The required output is the exact run of lines in the listing below from the line holding "In this video" through the line holding "But there are", with no pictures.

***** Extracted information

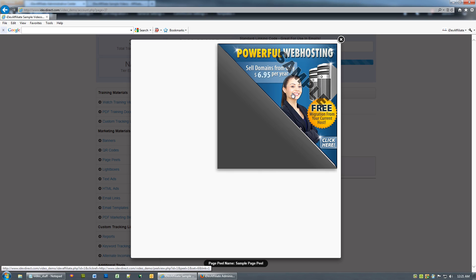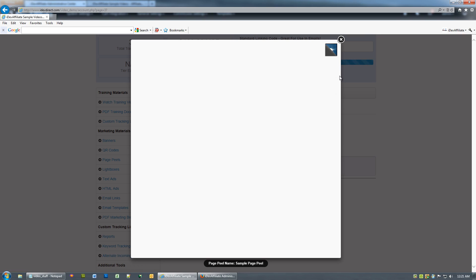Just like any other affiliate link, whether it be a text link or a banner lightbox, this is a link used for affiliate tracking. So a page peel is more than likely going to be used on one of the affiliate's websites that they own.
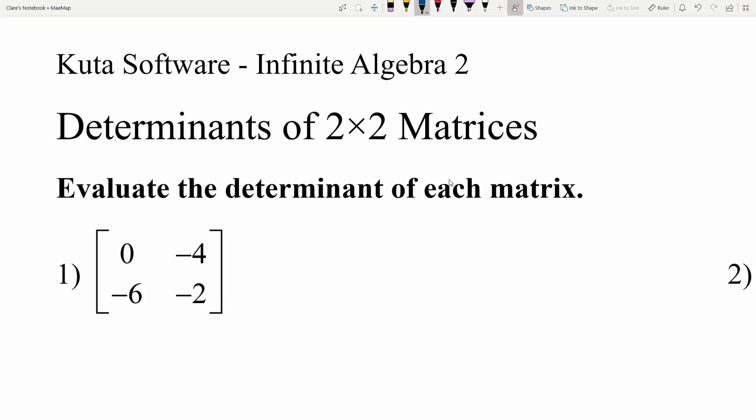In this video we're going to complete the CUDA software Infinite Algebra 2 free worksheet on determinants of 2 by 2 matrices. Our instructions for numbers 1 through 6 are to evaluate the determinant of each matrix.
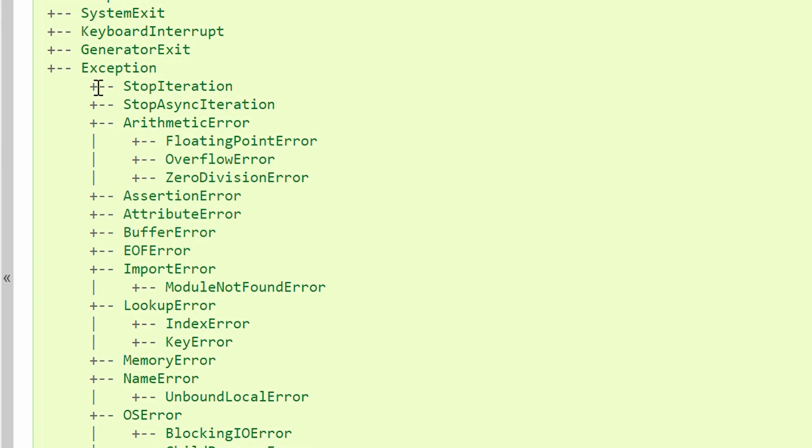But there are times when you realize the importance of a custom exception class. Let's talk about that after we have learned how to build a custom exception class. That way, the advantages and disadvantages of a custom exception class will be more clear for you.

**********
***** Extracted information

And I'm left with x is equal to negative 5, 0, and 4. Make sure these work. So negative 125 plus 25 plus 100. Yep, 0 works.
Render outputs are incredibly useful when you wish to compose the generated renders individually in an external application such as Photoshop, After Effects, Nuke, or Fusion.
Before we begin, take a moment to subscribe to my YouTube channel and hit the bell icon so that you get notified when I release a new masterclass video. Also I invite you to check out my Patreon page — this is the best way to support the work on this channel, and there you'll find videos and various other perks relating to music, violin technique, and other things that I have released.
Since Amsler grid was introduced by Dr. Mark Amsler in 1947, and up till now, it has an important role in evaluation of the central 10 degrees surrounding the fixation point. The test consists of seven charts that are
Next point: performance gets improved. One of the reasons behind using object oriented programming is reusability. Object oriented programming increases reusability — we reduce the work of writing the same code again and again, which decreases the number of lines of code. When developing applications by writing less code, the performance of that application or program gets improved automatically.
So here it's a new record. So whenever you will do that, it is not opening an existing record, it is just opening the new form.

**********

Written solution
In this video we're going to complete the CUDA software Infinite Algebra 2 free worksheet on determinants of 2 by 2 matrices. Our instructions for numbers 1 through 6 are to evaluate the determinant of each matrix.
But there are times when you realize the importance of a custom exception class. Let's talk about that after we have learned how to build a custom exception class. That way, the advantages and disadvantages of a custom exception class will be more clear for you.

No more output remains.